As I shared in my post titled “The Gift of Discontentment” and “Maintaining Balance”, I experience God most powerfully in nature. Some of the most profound lessons I have learned in my spiritual journey were learned from ducks and lakes. This past weekend we celebrated Earth Day and today I listed to a beautiful sermon about earth day by Brian McLaren which was delivered at the National Cathedral. I encourage you all to take the time to listen to Brian’s message which can be found on his blog in a post titled “For the beauty of the earth”

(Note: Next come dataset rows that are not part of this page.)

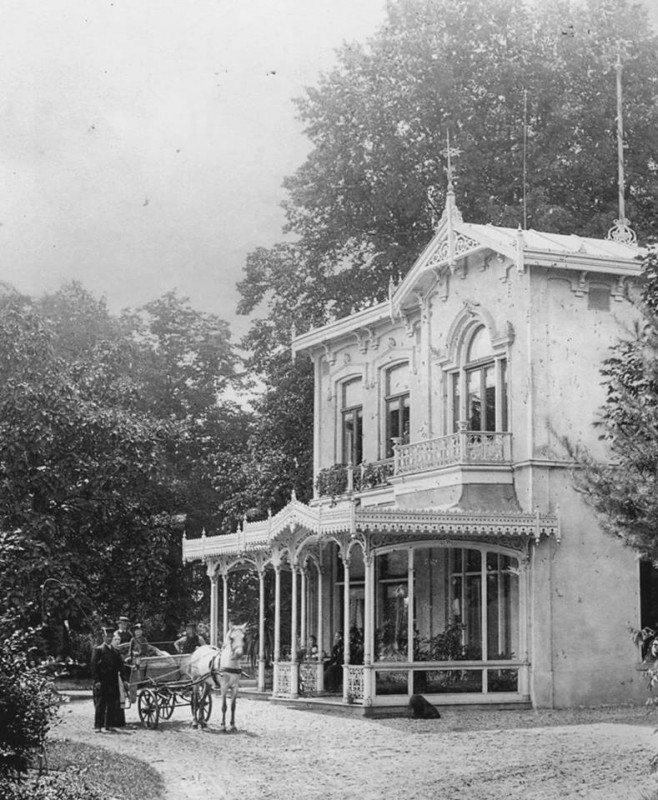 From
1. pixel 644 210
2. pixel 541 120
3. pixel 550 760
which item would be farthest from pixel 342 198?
pixel 550 760

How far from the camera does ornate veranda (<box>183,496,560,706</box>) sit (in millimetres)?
23391

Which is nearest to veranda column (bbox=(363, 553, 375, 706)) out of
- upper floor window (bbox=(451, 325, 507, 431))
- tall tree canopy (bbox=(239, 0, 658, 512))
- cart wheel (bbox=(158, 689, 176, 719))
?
cart wheel (bbox=(158, 689, 176, 719))

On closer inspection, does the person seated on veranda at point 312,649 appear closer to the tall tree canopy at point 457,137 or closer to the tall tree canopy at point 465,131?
the tall tree canopy at point 457,137

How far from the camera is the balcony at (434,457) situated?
25375mm

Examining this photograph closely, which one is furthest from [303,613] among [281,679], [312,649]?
[281,679]

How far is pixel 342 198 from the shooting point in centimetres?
3928

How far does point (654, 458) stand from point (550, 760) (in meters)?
5.44

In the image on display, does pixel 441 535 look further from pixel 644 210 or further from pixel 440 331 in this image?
pixel 644 210

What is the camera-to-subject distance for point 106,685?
808 inches

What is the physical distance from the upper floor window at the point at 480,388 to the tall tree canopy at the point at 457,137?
938 cm

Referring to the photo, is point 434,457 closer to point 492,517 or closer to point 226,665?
point 492,517

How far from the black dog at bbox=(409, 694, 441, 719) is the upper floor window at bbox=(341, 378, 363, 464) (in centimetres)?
990

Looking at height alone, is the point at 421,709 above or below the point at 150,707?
below

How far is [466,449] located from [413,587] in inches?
112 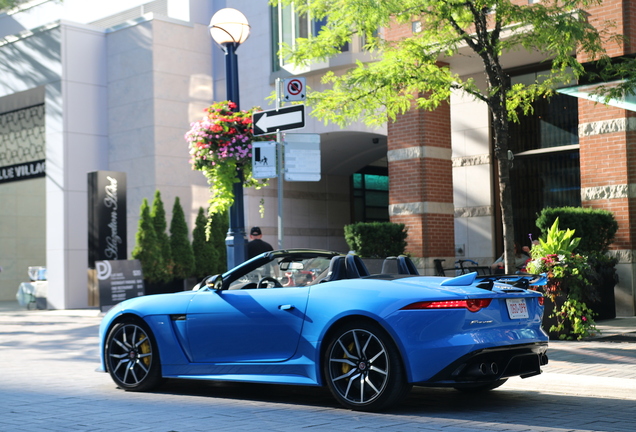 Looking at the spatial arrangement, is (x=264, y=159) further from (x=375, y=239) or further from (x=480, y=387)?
(x=375, y=239)

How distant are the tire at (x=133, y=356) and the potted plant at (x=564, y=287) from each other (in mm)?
5942

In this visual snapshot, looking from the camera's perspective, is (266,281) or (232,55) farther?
(232,55)

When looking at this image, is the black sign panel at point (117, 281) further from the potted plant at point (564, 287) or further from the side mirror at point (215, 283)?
the side mirror at point (215, 283)

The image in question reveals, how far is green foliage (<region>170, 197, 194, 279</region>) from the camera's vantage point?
24.2m

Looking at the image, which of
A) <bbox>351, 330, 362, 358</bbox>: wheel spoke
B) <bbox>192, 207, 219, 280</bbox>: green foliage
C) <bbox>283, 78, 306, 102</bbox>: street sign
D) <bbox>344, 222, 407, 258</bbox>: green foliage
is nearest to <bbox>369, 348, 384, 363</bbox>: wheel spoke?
<bbox>351, 330, 362, 358</bbox>: wheel spoke

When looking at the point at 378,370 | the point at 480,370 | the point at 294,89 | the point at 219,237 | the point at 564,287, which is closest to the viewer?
the point at 480,370

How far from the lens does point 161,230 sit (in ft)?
78.4

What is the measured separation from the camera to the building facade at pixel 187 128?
19.4 metres

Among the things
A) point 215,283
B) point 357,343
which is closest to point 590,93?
point 215,283

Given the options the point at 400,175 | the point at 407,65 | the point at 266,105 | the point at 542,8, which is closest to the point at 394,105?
the point at 407,65

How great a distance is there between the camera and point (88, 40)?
25578mm

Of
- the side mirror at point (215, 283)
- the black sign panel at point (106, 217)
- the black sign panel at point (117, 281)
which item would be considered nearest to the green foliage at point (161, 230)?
the black sign panel at point (106, 217)

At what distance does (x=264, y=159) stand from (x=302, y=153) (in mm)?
477

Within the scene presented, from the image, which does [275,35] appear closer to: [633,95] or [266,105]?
[266,105] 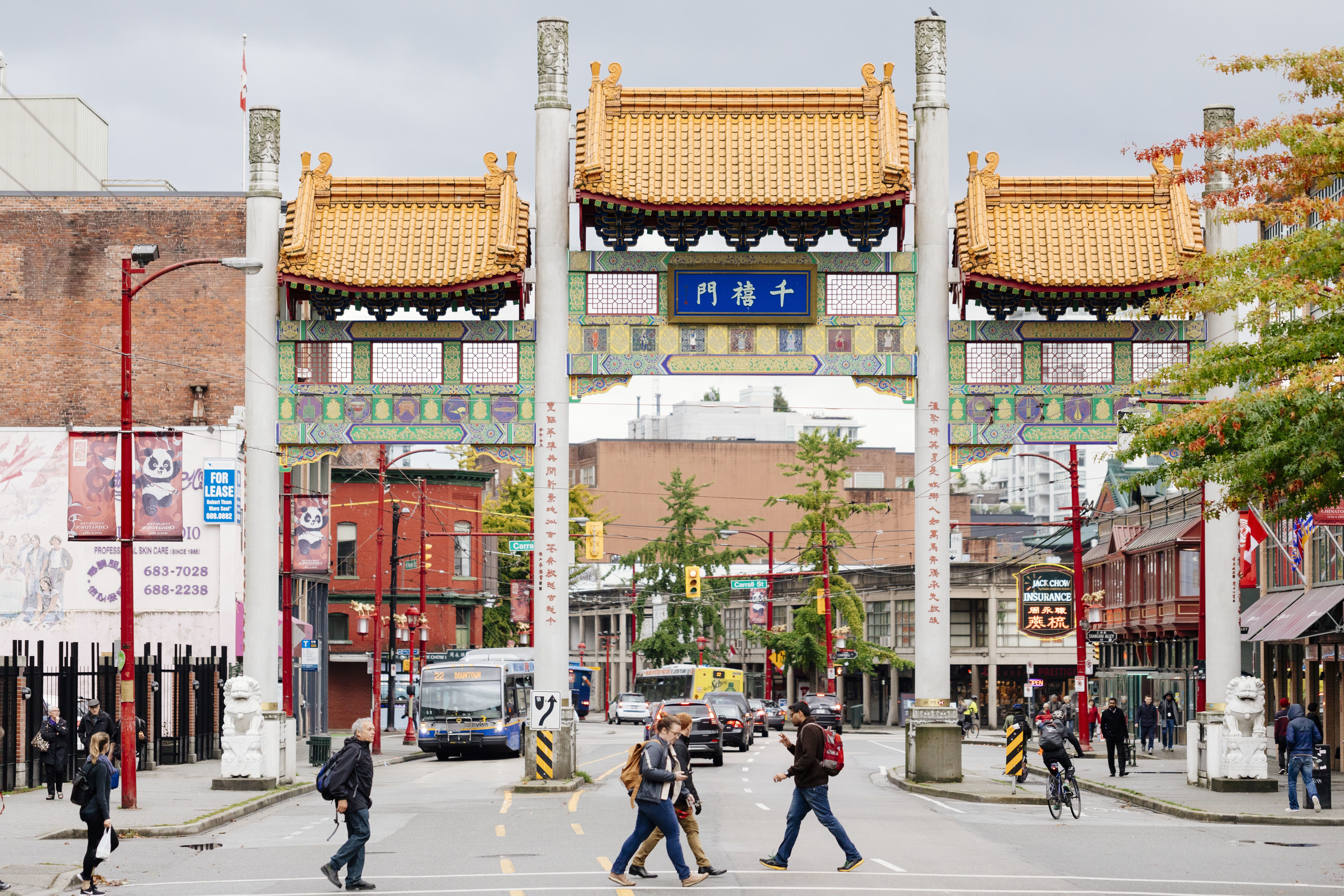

I am very fortunate to have the ability to spend a considerable amount of time enjoying the beauty of creation either in my kayak, on my bike, camping with my family, or hiking the trails around my neighborhood. I can not imagine not having these places and opportunities in my life. Sadly, many of my urban friends do not have the same access to creation that I have due to a lack of transportation and the limited parks that surround our public housing complexes.
I never really thought about nature as a privilege until this weekend when we did a prayer walk through Hillside Court; the grass was over grown, there were no flowers, the park is in severe dis-repair, and the community is in the middle of an industrial area surrounded by warehouses. A little girl stood peeking through a screen door at us as we walked by. My teammate, Rudy, commented “It looks like she is in jail.” It was a haunting image.
As my children hop on their bikes and head to the neighborhood playground or climb trees at our land this week, I will remember that little girl in the cinder block cell, peeking out at the world. How will she experience the loving embrace of the God of creation that has so profoundly shaped my life?